The Chief Zzeh Gittlit School is a beautiful new building with gymnasium, shops, and a modern computer lab. It offers kindergarten to Grade 9. Students walk there or take the bus. Most students still move to Whitehorse to complete high school; sometimes their families accompany them, alternatively they live in dorms or board with relatives or friends. Eventually higher grades may be available in the community. Gwich'in language and Gwich'in life have been incorporated into the local curriculum, which otherwise follows the B.C. curriculum. The school is an integral part of community life. The new gymnasium is used almost every night for various activities. In addition, the students spend time on the land and at the school's wilderness cabin during the school year.

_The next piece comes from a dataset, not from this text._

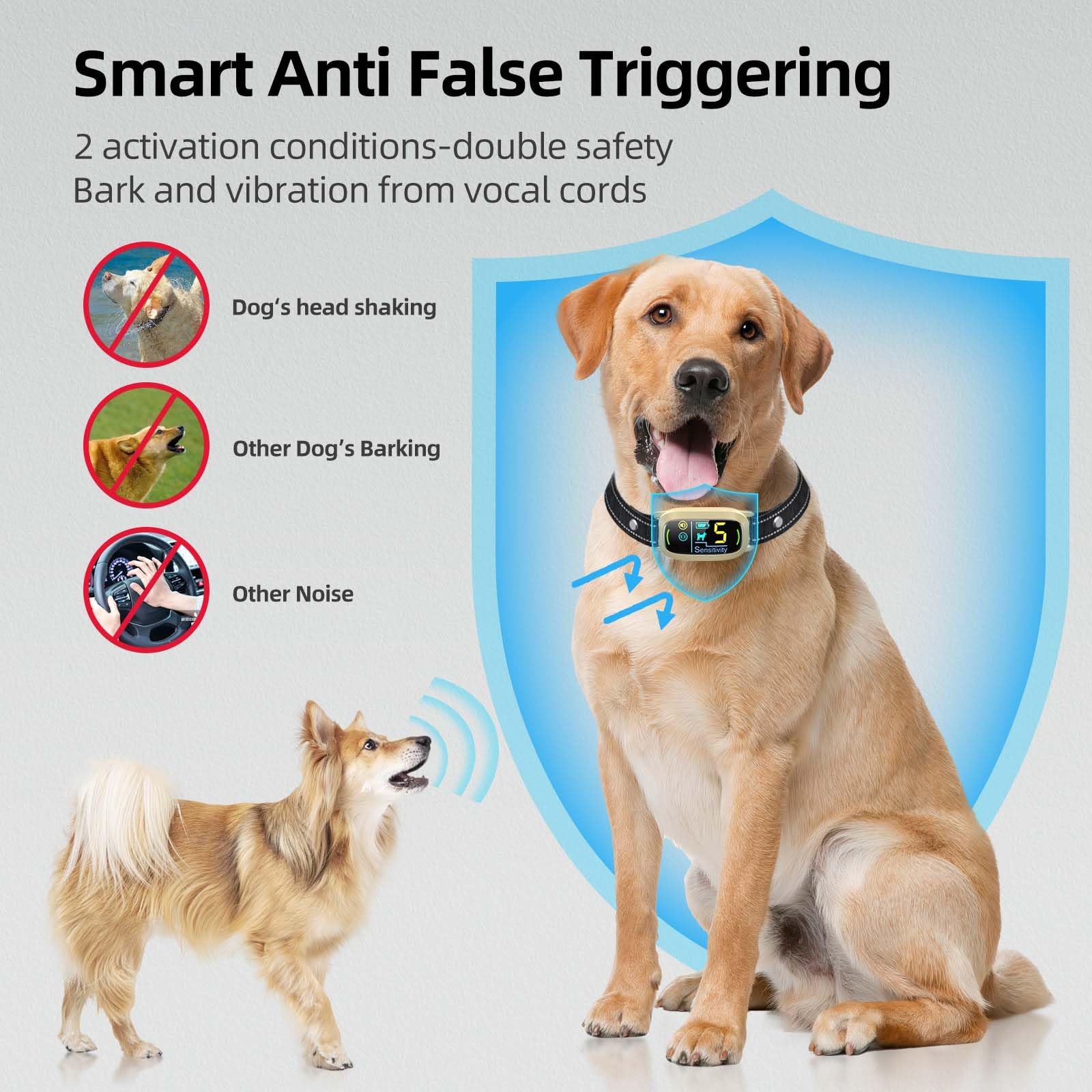 FAFAFROG Dog Bark Collar, Rechargeable Smart Collar, Anti Barking Training Collar with 5 Adjustable Sensitivity Beep Vibration, Bark Collar for Large Medium Small Dogs (Black) Gronata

The Old Crow campus of Yukon College, - renamed the Alice Frost Community Campus, opened its doors in 1987. Alice Frost was instrumental in bringing about the new building that houses the college. The campus, in partnership with the Vuntut Gwitchin First Nation, offers training to meet the needs of the youth and adult population in the community. College programs have included wilderness tourism, carpentry apprenticeship, computers, accounting, adult education in science, mathematics, and English, small engine repair, driver training (class 3-7), and arctic plumbing, as well as culture-based classes, such as traditional sewing and toboggan-making, taught by community members.
Old Crow has a community health centre, which is staffed by two community nurses and is open weekdays. A doctor is available around the middle of each month. Emergency services are available at any time.

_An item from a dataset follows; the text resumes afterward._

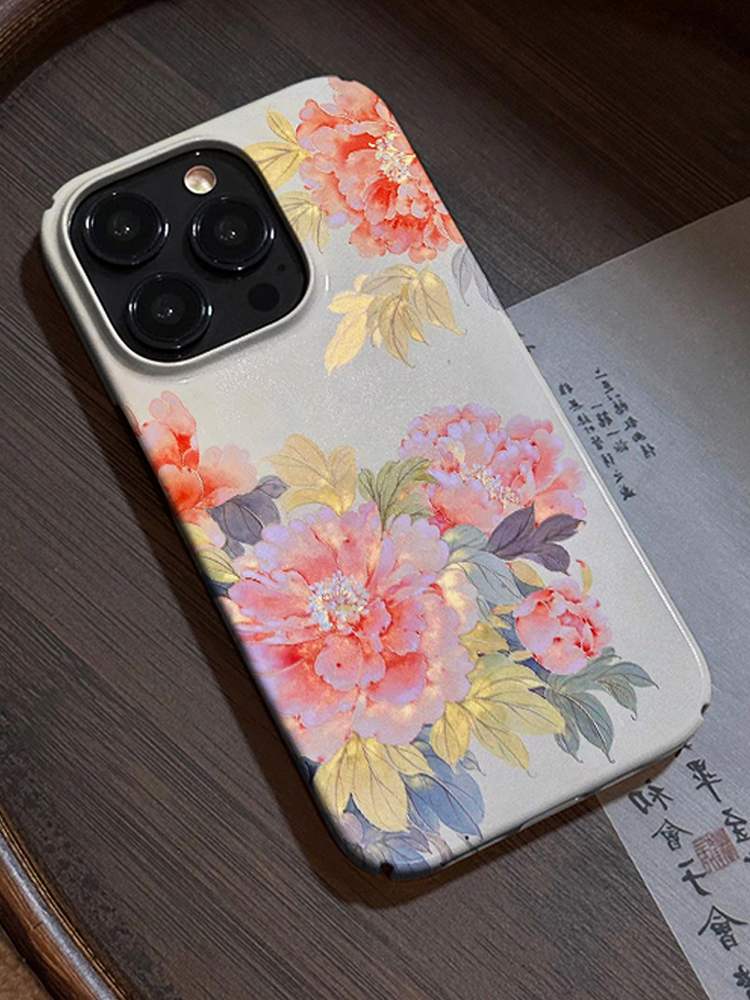 鸿运牡丹新中式适用苹果15promax手机壳男女新款iPhone14菲林壳13mini中国风12小众11古风创意xr全包xsmax/8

YTG Health and Social Services has a social worker providing services in the community.
The RCMP operates a detachment in Old Crow with one corporal and two constables. Old Crow is also served by a probation officer who visits monthly from Whitehorse and by circuit court.
The Vuntut Gwitchin First Nation Health and Social Programs Department provides community social development services, including in-home adult care, supportive counseling and referral, and native courtworker services.

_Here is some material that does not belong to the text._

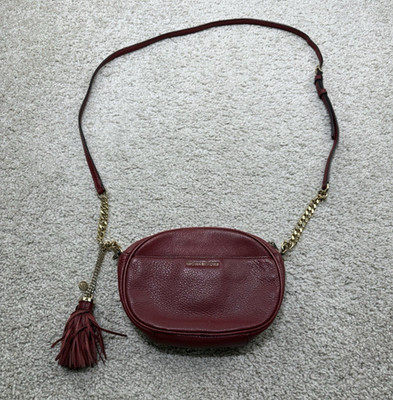 Michael Kors Ginny Medium Leather Messenger Shoulder/Crossbody Bag in Red Tassel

The Yukon Electrical Co. Ltd supplies power via a diesel generating plant.
VGFN and YTG maintain the local roads, water and sewer, and fire protection.
Mail is flown in and out on weekdays and is available for pick-up between 2 p.m. and 4 p.m. at the Northern Store. Other goods are brought in by air freight.
High-speed access to the Internet is available in the community and the nursing station has video-conference facilities.
Banking is done through the TD Canada Trust and is located in the Northern Store.
St. Luke's Anglican Church services are led by lay readers at 11 a.m. on Sundays. The picturesque log church, which sits by the riverbank, has notable stained glass windows and extensive beadwork.
Access to Old Crow is by air, with a gravel airstrip. There is regularly scheduled service six days a week from Whitehorse, excluding Saturday. Occasionally, winter roads are built to upgrade community services; for example, to bring in a new water truck and new sewer truck. Some people bring in their own vehicles. Scrap metals were also removed from the community dump and taken for recycling.
The Northern Store sells groceries and some dry goods, and the Vuntut Gwitchin First Nation runs a gasoline outlet. Other services include Ch'oo Deenjik Accommodations, Porcupine B&B, Frostie's Java (a small business run by four teenaged girls), a fitness centre and a cross-country ski lodge. Order-in food services are available from Whitehorse through Super A Foods.
In the summer, people travel on foot, bicycles or ATVs; in the winter they travel on foot or snowmobiles. A few private vehicles operate on the small network of dirt roads. To travel beyond the community, people use boats in the summer and snowmobiles or dog teams in the winter.